The International Energy Agency (IEA) reports that, by late April 2021, 44 countries and the EU had announced net zero emissions targets. These commitments cover approximately 70 per cent of global CO2 emissions.

The Climate Ambition Alliance, which brings together countries, regions, cities, businesses and investors to work towards achieving net zero emissions by 2050, has almost 4,000 participants, including over 2,300 companies and 700 cities.

The leaders of these organisations have pledged to reach net zero emissions by mid-century.

It is no coincidence that recent growth in net zero commitments has been accompanied by an unprecedented spike in CCS activity.

When organisations consider adopting net zero, they commonly do an analysis where they catalogue emissions, identify mitigation options for each, and then rank them for cost and efficacy. CCS often emerges as an essential part of the lowest cost pathway to net zero.

There is an increasing recognition by governments of CCS’s critical role. It now appears in 24 of 291 long-term Low Emissions and Development Strategies (LEDS) submitted under Article 4 of the Paris Agreement, as national governments decide how they’ll deliver their abatement commitments.

CCS is one of many climate mitigating technologies – commercially available and absolutely necessary to achieve a stable climate.


ECONOMIC & SOCIAL VALUE OF CCS

Onshore transport can be done through gas-phase CO2 pipelines

Emissions-intense industries often develop in clusters due to the availability of feedstocks; access to infrastructure, such as ports and rail; the presence of a skilled workforce; and a critical mass of specialist suppliers of engineering and other goods and services.

Many local communities rely upon a cluster like this for a large proportion of their employment and local economy. They would suffer severe economic and social dislocation if their emissions intense industries were shut down.

CCS can help transform high emissions-intensity industries to near-zero emissions industries – continuing support for economic prosperity, but also helping achieve climate imperatives.

Put simply, CCS protects jobs in industries and communities.

It is one of the reasons why networks centred on existing industrial precincts are emerging as a preferred model for CCS development.

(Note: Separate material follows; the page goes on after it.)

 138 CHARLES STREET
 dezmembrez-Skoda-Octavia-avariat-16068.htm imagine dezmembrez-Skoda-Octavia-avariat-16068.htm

CCS also creates new high value jobs. CCS facilities begin as large engineering and construction projects that take years to plan, design, construct and commission. They require a significant development and construction workforce.

At its peak, the Boundary Dam CCS facility in Canada employed a construction workforce of 1,700. Similarly, up to 2,000 people helped build the Alberta Carbon Trunk Line. Ongoing jobs are then created to run and maintain the CCS facilities.

The global CCS industry must grow by more than a factor of 100 by the year 2050, to achieve the Paris Agreement climate targets.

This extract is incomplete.